Think about some of the lauded most teams the world has seen. John Lennon and Paul McCartney. Michael Jordan and Scottie Pippen. Stan Lee and Jack Kirby. Laurel and Hardy, Siskel and Ebert, Abbot and Costello. Batman and Robin, Simon and Garfunkel, Venus and Serena Williams. These teams don’t even have to be limited to two – vastly different groups such as Rush, the Three Musketeers, and of course the Three Stooges prove that otherwise.

Some of these great teams are entirely fictional. Some create art for us to enjoy, some excel in sports to entertain us. Some create music, others art. Some work together to create new worlds of technology for us to explore. Where would we be today without the revolutionary teamwork of Bill Gates and Paul Allen, creating Microsoft and changing the world? Who could forget the incredible beach volleyball dynasty of Misty May-Treanor and Kerri Walsh-Jennings, who dominated the Olympics and the sport for more than a decade, becoming one of the most dominant, dynamic duos in any sport ever? Richard Rodgers and Oscar Hammerstein becoming perhaps the defining element in creating a unique and modern American musical identity? Or Walt Disney and Ub Iwerks, as they created one of the most beloved fictional characters of all time, the great Mickey Mouse?

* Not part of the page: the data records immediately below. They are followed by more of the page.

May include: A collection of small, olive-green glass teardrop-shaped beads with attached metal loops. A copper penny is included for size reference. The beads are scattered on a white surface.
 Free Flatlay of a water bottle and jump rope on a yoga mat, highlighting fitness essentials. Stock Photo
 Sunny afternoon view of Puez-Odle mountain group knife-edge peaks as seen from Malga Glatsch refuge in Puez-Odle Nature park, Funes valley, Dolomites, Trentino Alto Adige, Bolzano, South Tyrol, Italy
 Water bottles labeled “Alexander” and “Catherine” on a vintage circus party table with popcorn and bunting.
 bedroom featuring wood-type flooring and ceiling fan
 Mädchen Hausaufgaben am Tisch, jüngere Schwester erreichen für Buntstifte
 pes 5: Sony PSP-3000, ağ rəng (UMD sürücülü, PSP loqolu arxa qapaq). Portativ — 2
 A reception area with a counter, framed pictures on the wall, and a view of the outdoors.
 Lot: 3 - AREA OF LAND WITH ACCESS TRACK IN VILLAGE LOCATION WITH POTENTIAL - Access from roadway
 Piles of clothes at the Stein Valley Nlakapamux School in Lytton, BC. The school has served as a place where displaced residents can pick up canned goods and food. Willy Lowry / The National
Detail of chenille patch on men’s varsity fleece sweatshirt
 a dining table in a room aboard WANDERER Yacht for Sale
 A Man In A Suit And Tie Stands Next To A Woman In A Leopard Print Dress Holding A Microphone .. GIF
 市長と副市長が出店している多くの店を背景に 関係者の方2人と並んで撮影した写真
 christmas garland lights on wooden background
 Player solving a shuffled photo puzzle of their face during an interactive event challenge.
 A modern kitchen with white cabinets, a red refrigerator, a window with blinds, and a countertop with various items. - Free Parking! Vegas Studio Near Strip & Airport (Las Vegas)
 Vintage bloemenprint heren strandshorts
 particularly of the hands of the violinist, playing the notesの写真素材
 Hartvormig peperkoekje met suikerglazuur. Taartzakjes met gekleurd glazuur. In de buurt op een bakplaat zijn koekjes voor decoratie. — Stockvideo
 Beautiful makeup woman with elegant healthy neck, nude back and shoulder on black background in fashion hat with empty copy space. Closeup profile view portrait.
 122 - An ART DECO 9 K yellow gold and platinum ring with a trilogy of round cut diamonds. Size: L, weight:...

But the most important thing surrounding all of these great teams is that they work best with another person. Every friendship, marriage, relationship, partnership, negotiation to ever exist revolves around two (or more!) parties coming together to use teamwork, always becoming more than the sum of its parts. The synergy and magic of collaboration is what drives these teams forward, feeding off each other and sharing ideas back and forth to find that the world can be a better place when you reach the hand of togetherness to another.

When two people, or two groups, work together with an idea on any level – person to person or culture to culture – the result changes both parties forever, and creates a wholly new idea. Lennon and McCartney’s “A Day in the Life” or “Eleanor Rigby”; or Stan Lee and Jack Kirby’s creation of the Fantastic Four, X-Men, and hundreds of beloved characters; or Michael Jordan’s groundbreaking six championships he shared with Scottie Pippen, could never have happened with just one of them. Both members of each tandem contributed in their own unique ways, creating works of music, art, and sports that were not only a mix of each, but also with their own new identity born of collaboration.

Who knows? Maybe someday soon we can add Ari Franklin and Noah Simon to the esteemed list above, for their creation of the potentially world-changing OurPangea (I’d be more than happy to take second billing, of course). It’s been a privilege to work with these two, and watch the creative process explode in action as we all strive our hardest to help collaborate with the world.